From Perception to Grasp: a Real-Time Framework for Object-Agnostic Human-to-Robot Handovers

The handover of objects consists of a joint action of a giver transferring an object to a receiver. Providing such capability to collaborative robots is crucial for human-robot collaboration in manufacturing scenarios, especially when people are involved. The objective of this work is to provide a general framework for a real-time, object-agnostic human-to-robot handover. After the generation of a point cloud of the scene by means of a single RGB-D sensor mounted on the robot's gripper, the proposed method comprises three phases. The first one involves the segmentation of the scene, which allows to distinguish between the human hand and the object being held.
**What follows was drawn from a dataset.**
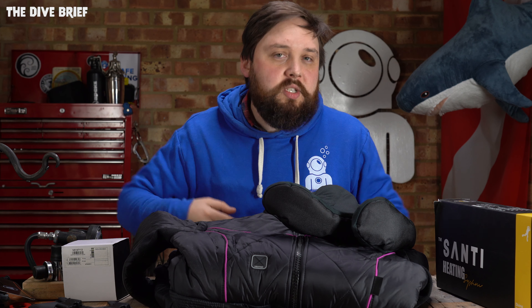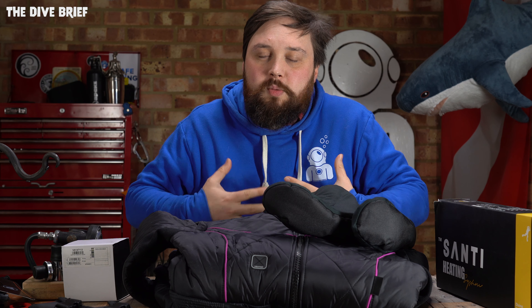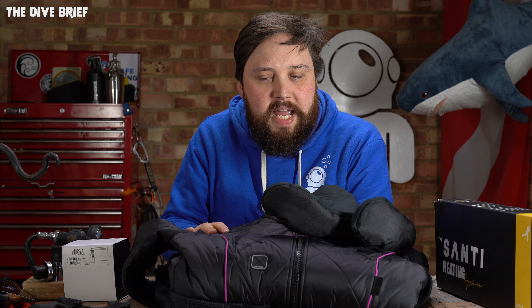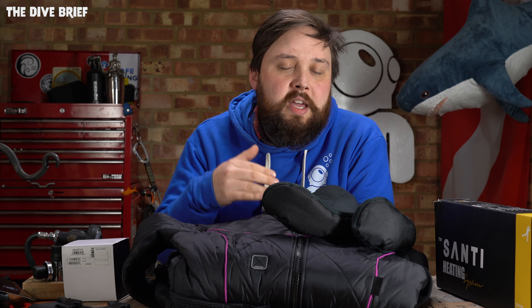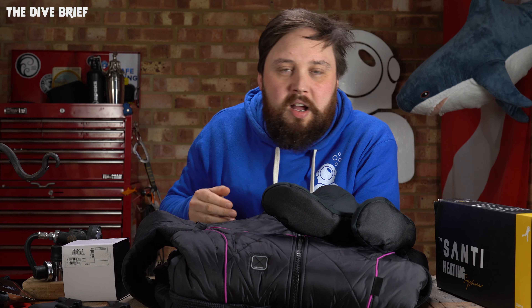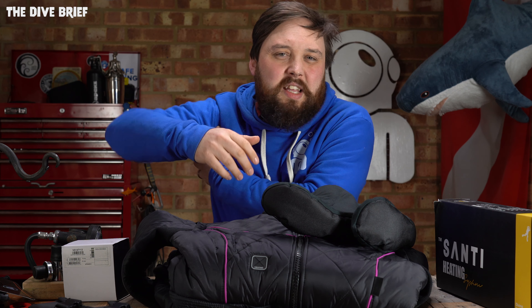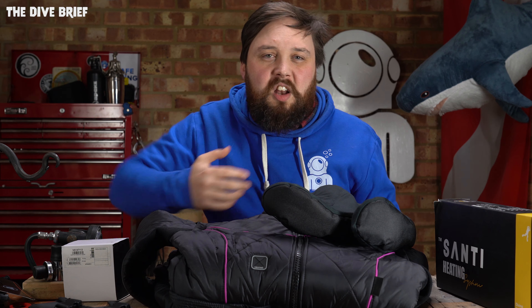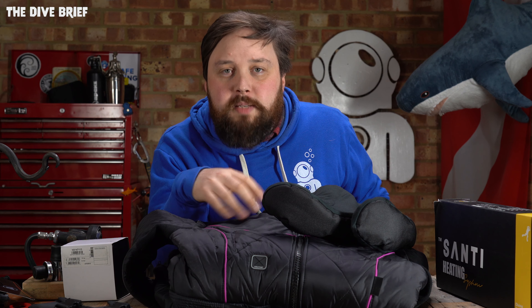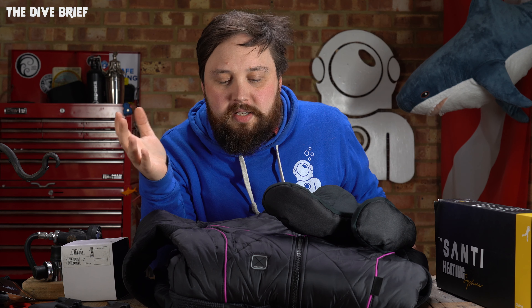A lot of the time if you want to go warmer you just add extra layers, which adds more insulation, more buoyancy, and so you need more lead. But with the BZ 400X, the way they've constructed it with Thinsulate material, it's very warm. Clever details like underneath the armpits use a much thinner, stretchy material rather than continuing the standard bulky material — Santi really thought that through. There are also pockets all over the place, about three or four of them, making it very practical outside the water.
The second phase consists of generating a set of possible grasps from the elaborated scene. Finally, the third phase regards the selection of the feasible grasp poses according to three defined criteria. The proposed approach consists of constructing a possible implementation for the Human-To-Robot handover task, leveraging and modifying models found in the literature. In particular, a faster version of the EgoHOS model, Fast-EgoHOS, for the segmentation task has been proposed and compared to its original implementation, named Complete-EgoHOS. Moreover, a comparison has been conducted between three state-of-the-art models for grasp generation, which are GraspNet, 6-DoF GraspNet, and Contact-GraspNet. Based on the best segmentation-grasp detection model configuration, identified through an offline evaluation in terms of accuracy, execution time, and grasp quality, an online evaluation is performed. This is conducted by measuring the success rate and the time needed to perform an handover attempt. The presented approach allows us to achieve a value of IoU of Fast-EgoHOS of 78.8% compared to the 82.84% of Complete-EgoHOS, with a significant advantage in terms of inference time. In the online evaluation, a grasp success rate of 82.9% is achieved with the Fast EgoHOS-Contact-Graspnet configuration and of 80.3% with Fast-EgoHOS-Graspnet. Results are obtained considering a set of 19 distinct objects presented in various positions.